En 2014, dans Programmez! 181, nous évoquions déjà le grand défi des années 2020 : l’exoscale pour atteindre l’exaflop de calcul soit 10 puissance 18 ! Une machine exascale est la capacité d’aligner 100 à 120 millions de cœurs. Aujourd’hui, il y a des supercalculeurs à 20 millions de cœurs. Cela pose d’énormes contraintes de fonctionnement : énergétique, de refroidissement et bien entendu de programmation. Car il faut disposer de langages, d’algorithmes adaptés et d’outils. Comme vous le savez, la puissance délivrée n’est pas linéaire et à un moment donné, les performances plafonnent et ensuite nous avons souvent des paliers non linéaires.
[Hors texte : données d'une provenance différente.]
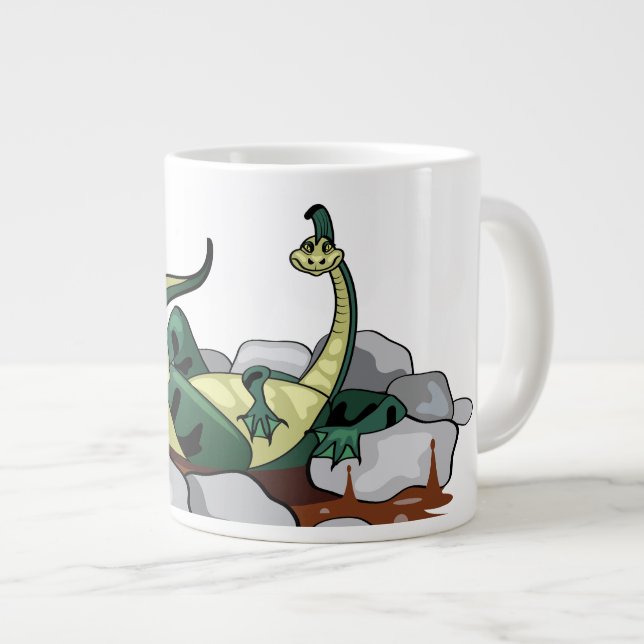 Hadrosaurus Relaxing In A Jacuzzi. Giant Coffee Mug (Front Right)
Le projet EuroHPC doit aboutir vers 2022-23. Actuellement 7 pays vont démarrer le projet, 13 ont rejoint l’initiative. On annonce un investissement de 1 milliard. C’est beaucoup et pas beaucoup. EuroHPC doit travailler et développeur le matériel et le logiciel. Il recouvre 51 projets démarrés depuis 2 à 3 ans. Pour le moment il est faux de dire que EuroHPC sera un pilier de l’Europe de demain ou qu’il fournira l’indépendance technologique nécessaire sur ce domaine. Il est bien trop tôt pour le dire même si l’ambition est là, cela reste qu’une ambition. Il faut transformer cette envie en réalité et rien n’est gagné.
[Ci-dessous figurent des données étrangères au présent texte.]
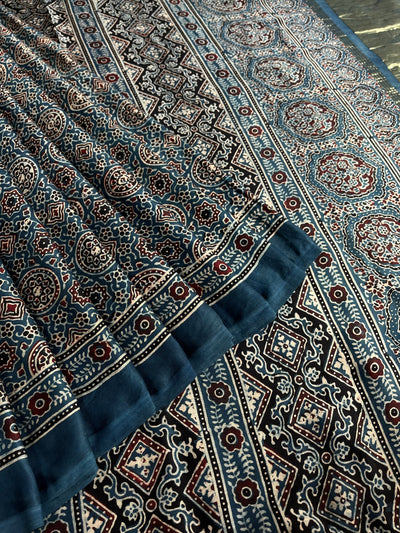 DHAWANI: Handblock Modal Silk Tissue Ajrakh Saree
Dès 2014, on nous parlait de la nécessité impérieuse pour la France et l’Europe d’être indépendant sur le HPC. Dans ce cas, qu’avons-nous fait en 3 ans ? L’exascale, et le HPC sont des enjeux cruciaux pour le futur de la recherche et même pour nos industries. Se pose l’indépendance technologique, car aujourd’hui, elle n’existe pas ou sur des domaines très précis. Pourrons-nous développer des processeurs taillés pour l’exascale ? Qui développera les outils de programmation nécessaires ? Qui construira les machines ? EuroHPC est une première étape qui devra rapidement répondre à ces interrogations.
Nous avons d’ores et déjà plusieurs années de retard même si certains pays européens ont des environnements très performants, mais l’effort reste dispersé. L’autre question sera la place des Anglais. Avec le Brexit, la collaboration anglaise reste une question sensible.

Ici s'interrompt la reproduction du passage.